Records for processing section start

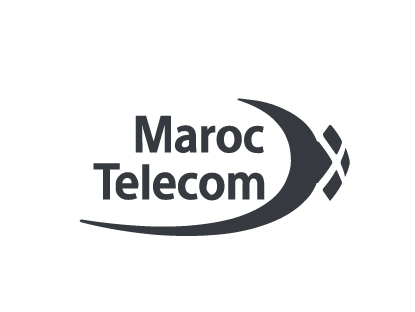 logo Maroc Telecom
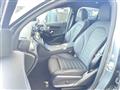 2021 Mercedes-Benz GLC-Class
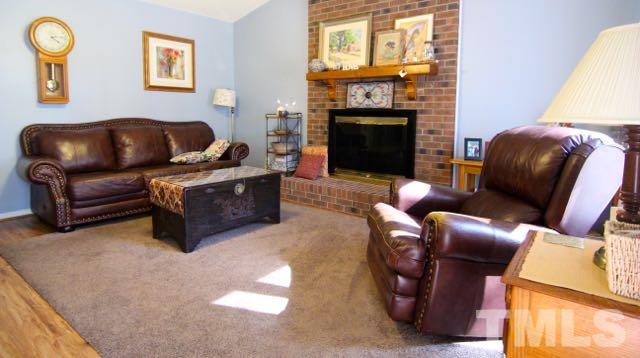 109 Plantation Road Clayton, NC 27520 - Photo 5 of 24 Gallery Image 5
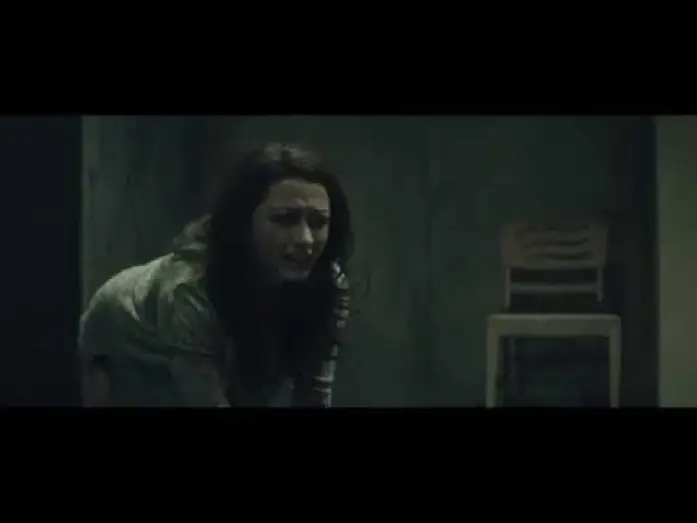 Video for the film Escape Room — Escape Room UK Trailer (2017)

Records for processing section end
Records for processing section start

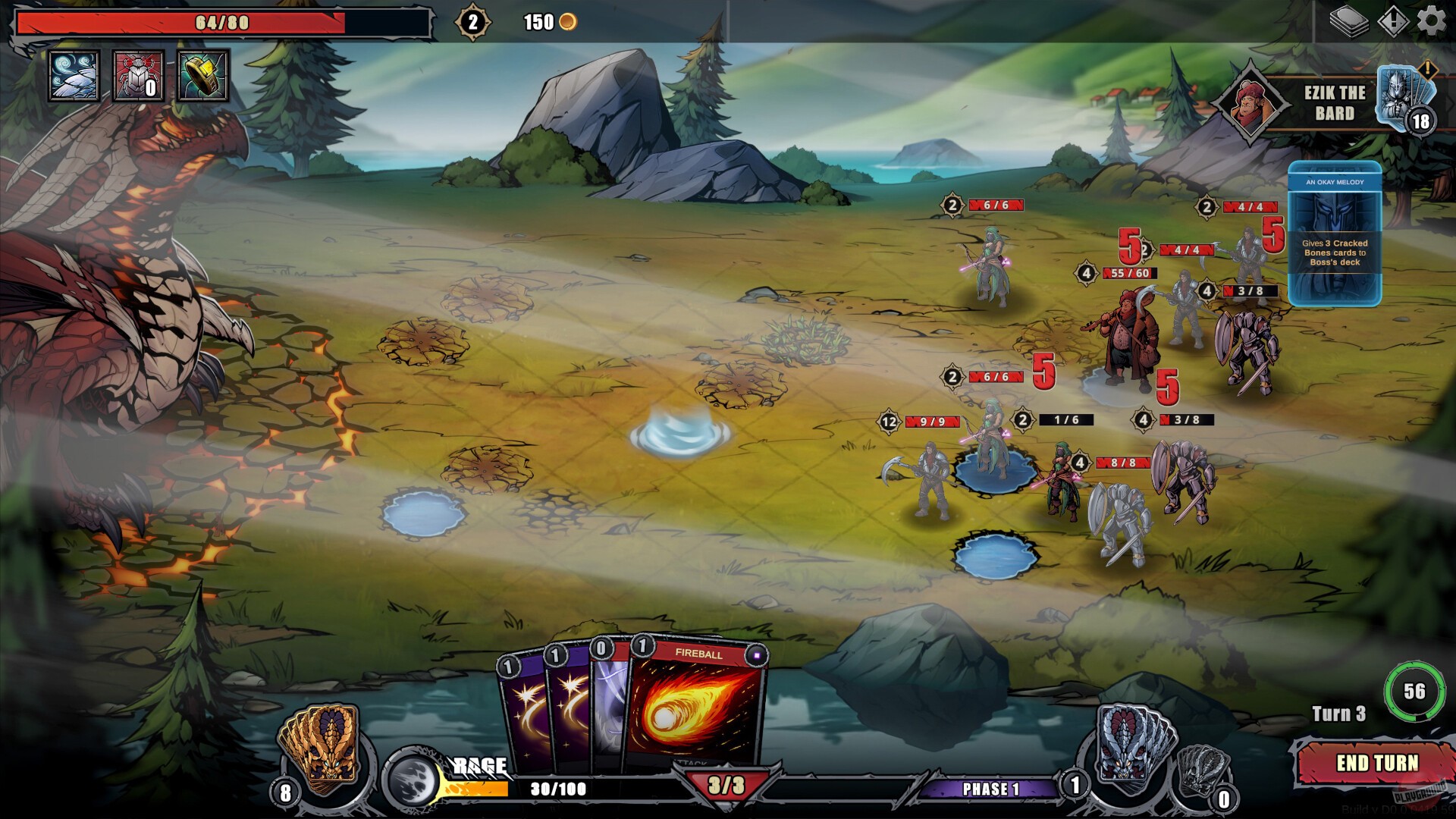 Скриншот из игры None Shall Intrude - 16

Records for processing section end
Records for processing section start

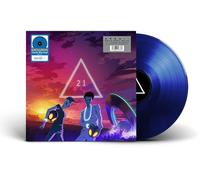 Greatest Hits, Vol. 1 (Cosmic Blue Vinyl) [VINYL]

Records for processing section end

Work to be completed ▸ Beginning with the line that contains "2021 Mercedes-Benz GLC-Class" and ending with the line that contains "Video for the", reproduce the listing exactly, pictures excluded.

Answer section ▸
 2021 Mercedes-Benz GLC-Class
 109 Plantation Road Clayton, NC 27520 - Photo 5 of 24 Gallery Image 5
 Video for the film Escape Room — Escape Room UK Trailer (2017)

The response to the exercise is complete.